= Beginning of Section =

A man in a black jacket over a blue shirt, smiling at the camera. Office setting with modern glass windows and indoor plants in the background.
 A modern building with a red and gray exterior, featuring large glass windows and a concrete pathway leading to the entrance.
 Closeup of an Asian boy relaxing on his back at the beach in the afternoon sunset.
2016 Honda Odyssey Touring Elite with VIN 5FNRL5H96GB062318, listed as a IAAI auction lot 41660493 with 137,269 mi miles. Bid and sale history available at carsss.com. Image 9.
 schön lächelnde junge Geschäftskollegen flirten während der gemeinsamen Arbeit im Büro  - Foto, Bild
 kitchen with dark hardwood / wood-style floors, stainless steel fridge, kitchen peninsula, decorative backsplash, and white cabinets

= End of Section =
= Beginning of Section =

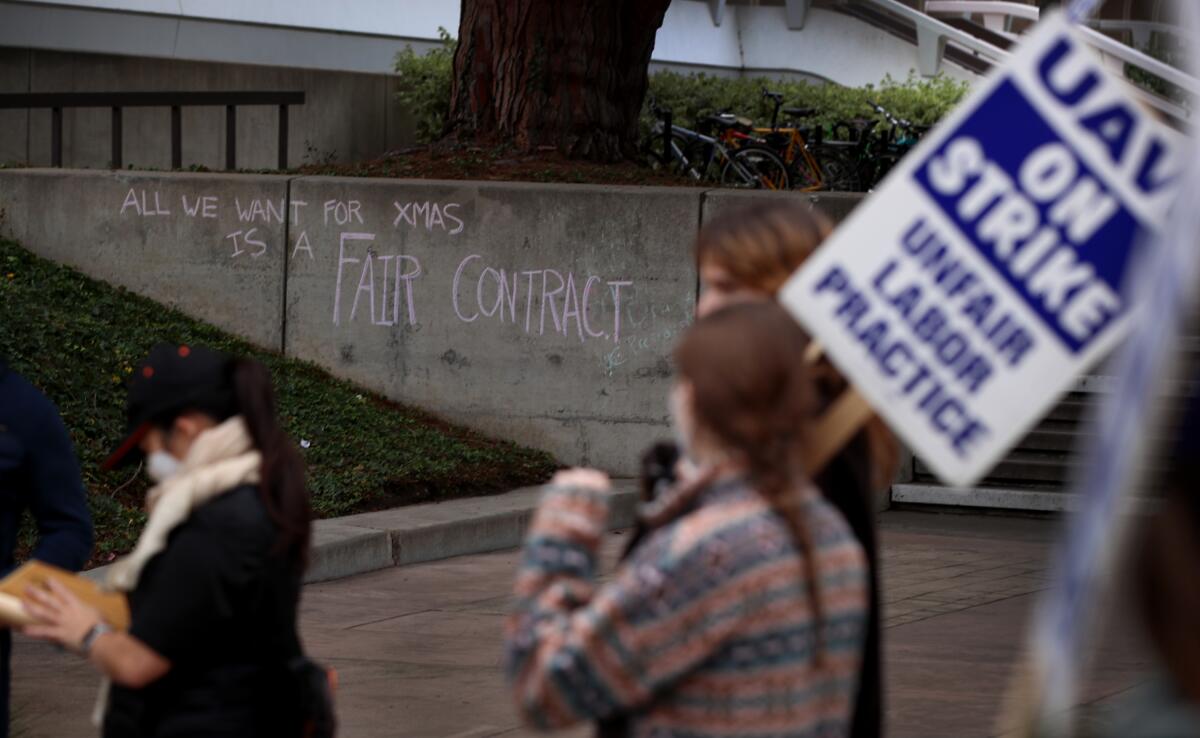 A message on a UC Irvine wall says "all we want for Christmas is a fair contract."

= End of Section =
= Beginning of Section =

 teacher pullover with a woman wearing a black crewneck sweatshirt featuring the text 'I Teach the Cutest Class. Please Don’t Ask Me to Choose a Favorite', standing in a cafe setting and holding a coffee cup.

= End of Section =

ASSIGNED TASK => Scan the listing for the word "featuring". Copy every line in which it appears.

ANSWER SPACE =>
 A modern building with a red and gray exterior, featuring large glass windows and a concrete pathway leading to the entrance.
 teacher pullover with a woman wearing a black crewneck sweatshirt featuring the text 'I Teach the Cutest Class. Please Don’t Ask Me to Choose a Favorite', standing in a cafe setting and holding a coffee cup.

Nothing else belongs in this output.